Start of SOURCE DATA

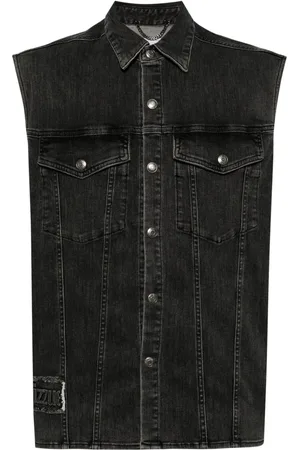 Izzue Text-embossed denim gilet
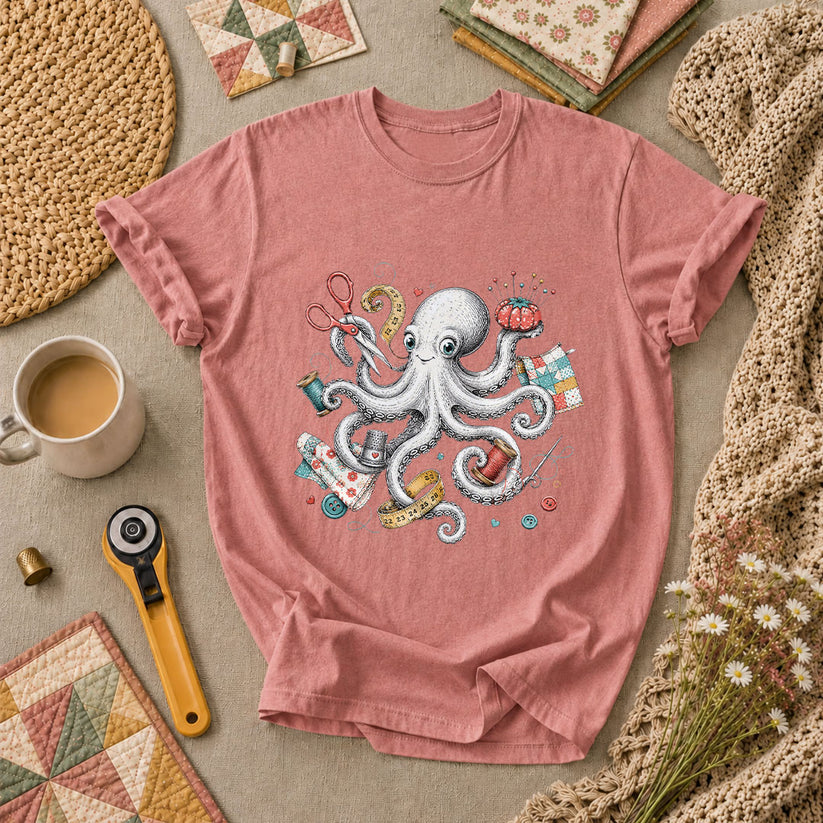 Octopus Sewing Supplies Vintage Sketch T-Shirt - Heather Mauve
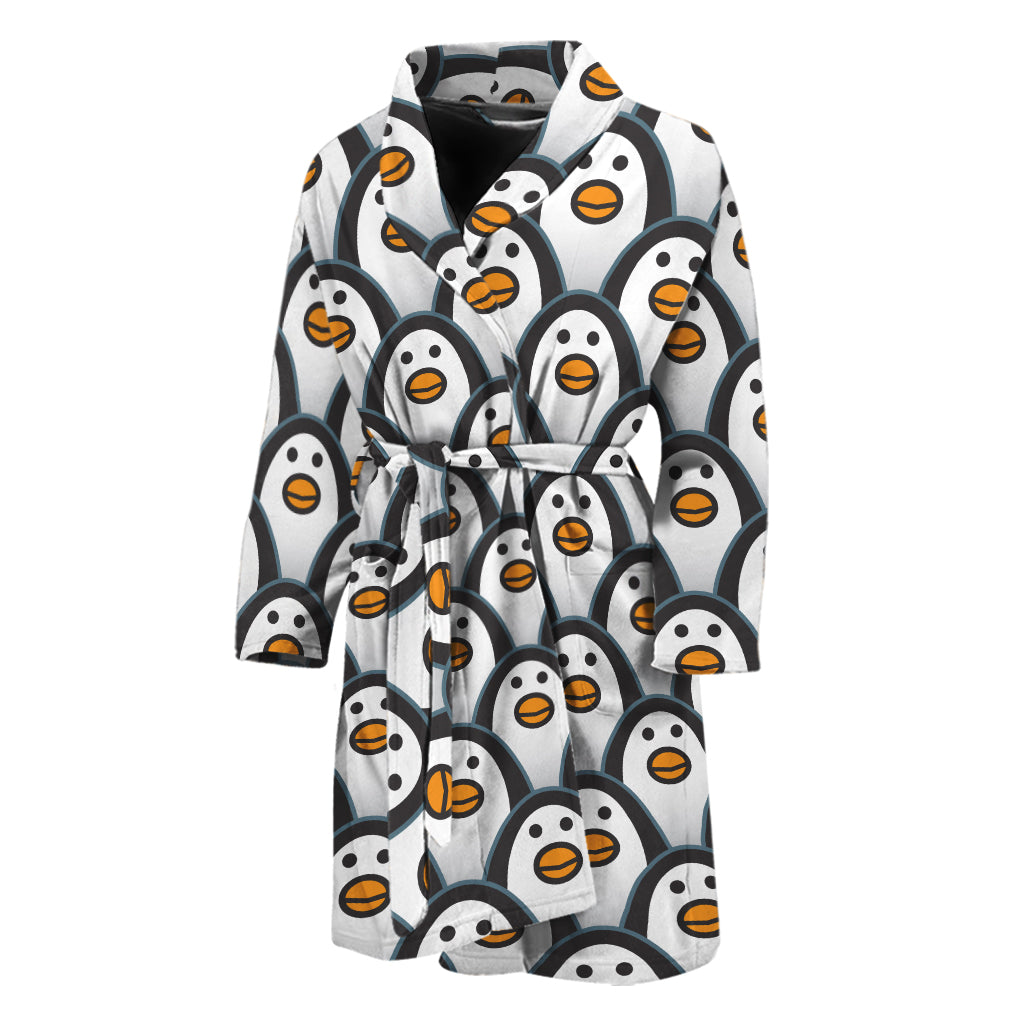 Cute Penguin Face Pattern Print Men's Bathrobe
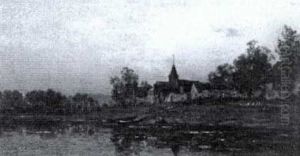 River Landscape With Village And Figures by Charles-Francois Daubigny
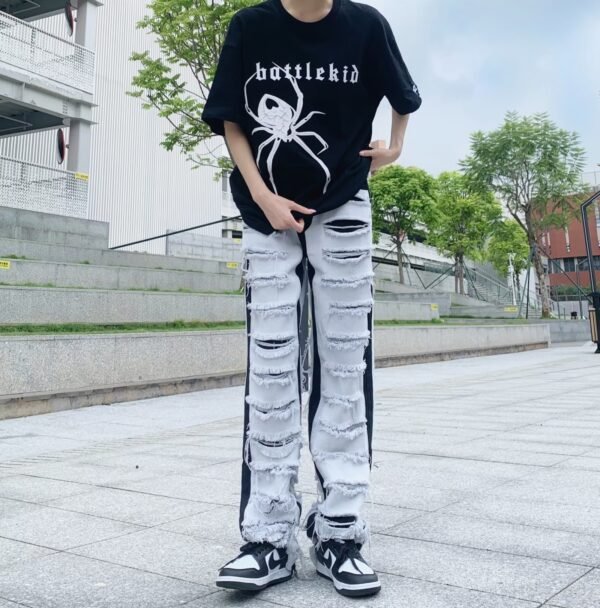 Ripped Jeans Street Straight Casual Versatile Trousers Men - Image 3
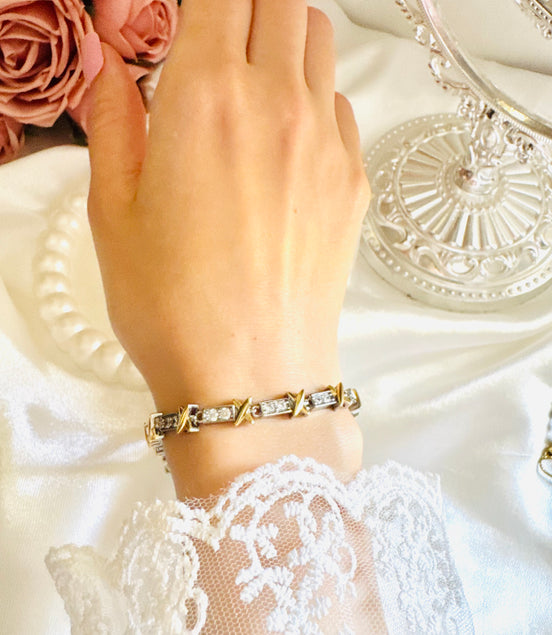 X gold & silver zircon bracelet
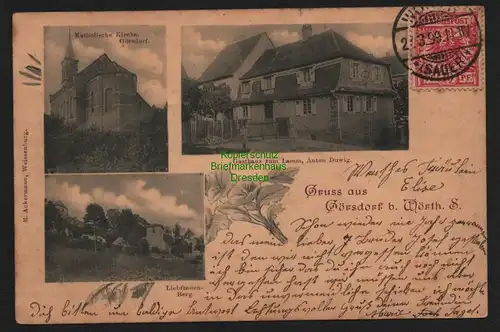 150711 AK Görsdorf bei Wörth a. S. 1899 Kirche Gasthaus zum Lamm Anton Duwig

End of SOURCE DATA

▶ WHAT IS BEING ASKED
Please copy the lines above, starting at the one that holds "Octopus Sewing Supplies" and stopping after the last line, exactly as they appear and minus the pictures.

▶ PROBLEM SOLUTION
 Octopus Sewing Supplies Vintage Sketch T-Shirt - Heather Mauve
 Cute Penguin Face Pattern Print Men's Bathrobe
 River Landscape With Village And Figures by Charles-Francois Daubigny
 Ripped Jeans Street Straight Casual Versatile Trousers Men - Image 3
 X gold & silver zircon bracelet
 150711 AK Görsdorf bei Wörth a. S. 1899 Kirche Gasthaus zum Lamm Anton Duwig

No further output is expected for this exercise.